*** Material for the task ***

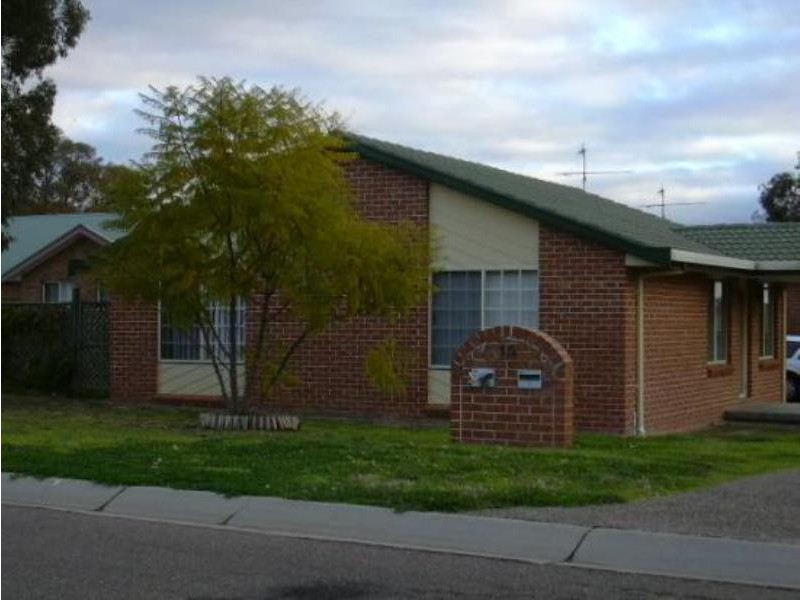 1/15 Charles Coxon Close, Tamworth NSW 2340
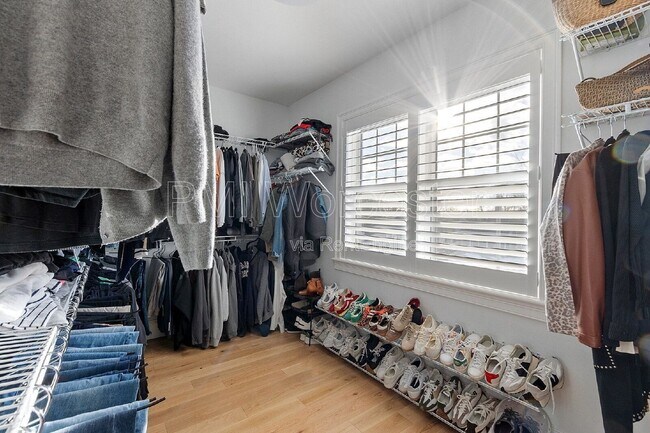 Building Photo - 57 Old Brook Rd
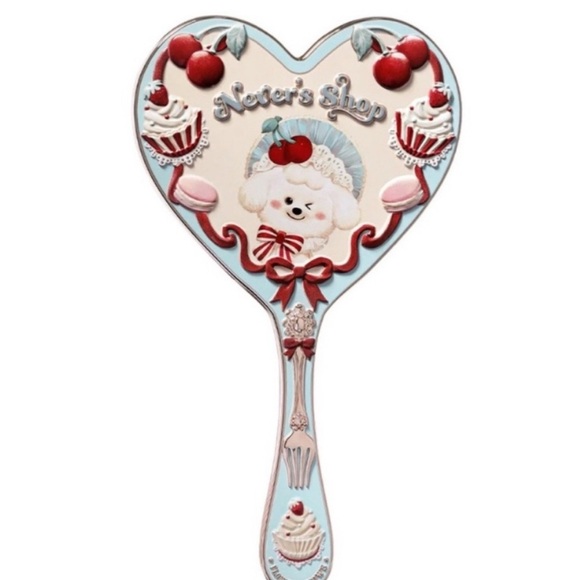 Flower Knows Heart-Shaped Hand Mirror New in Box - Picture 1 of 3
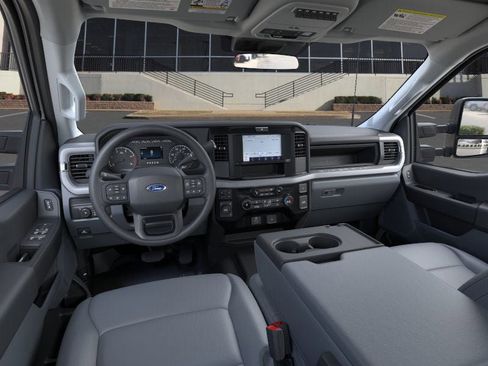 New 2025 Ford F550 4x4 Crew Cab image 31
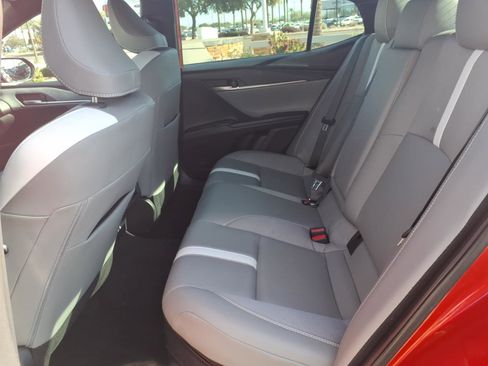 Certified 2025 Toyota Camry SE w/ Convenience Package image 10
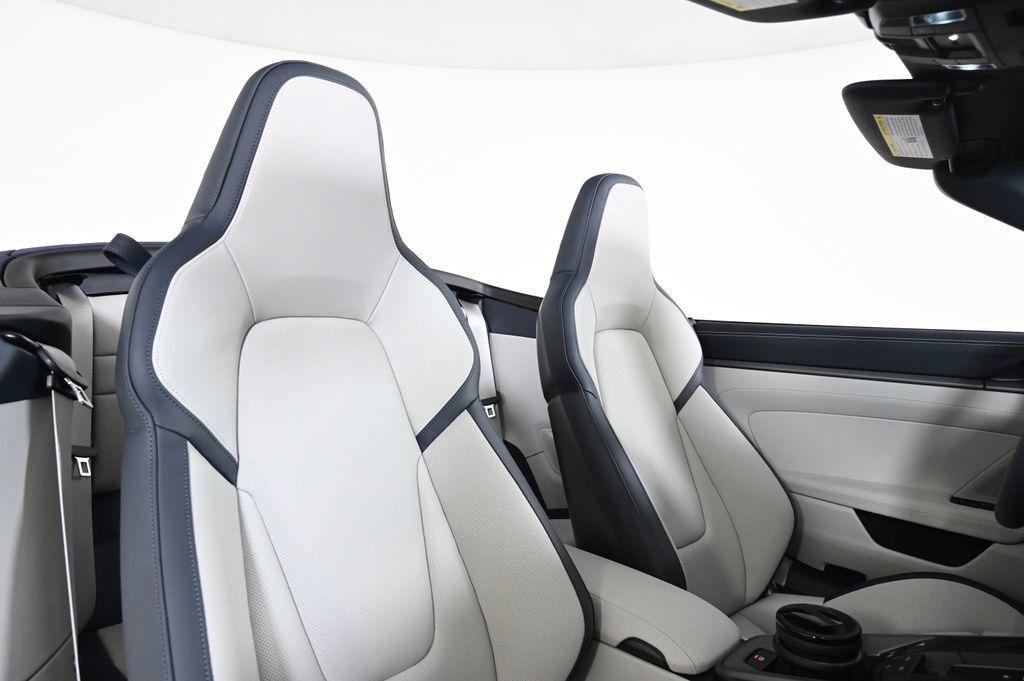 new 2026 Porsche 911 car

***

• _Aim of the task_: The complete material, set down exactly and stripped of pictures, is the expected response.

• _Your solution_:
 1/15 Charles Coxon Close, Tamworth NSW 2340
 Building Photo - 57 Old Brook Rd
 Flower Knows Heart-Shaped Hand Mirror New in Box - Picture 1 of 3
 New 2025 Ford F550 4x4 Crew Cab image 31
 Certified 2025 Toyota Camry SE w/ Convenience Package image 10
 new 2026 Porsche 911 car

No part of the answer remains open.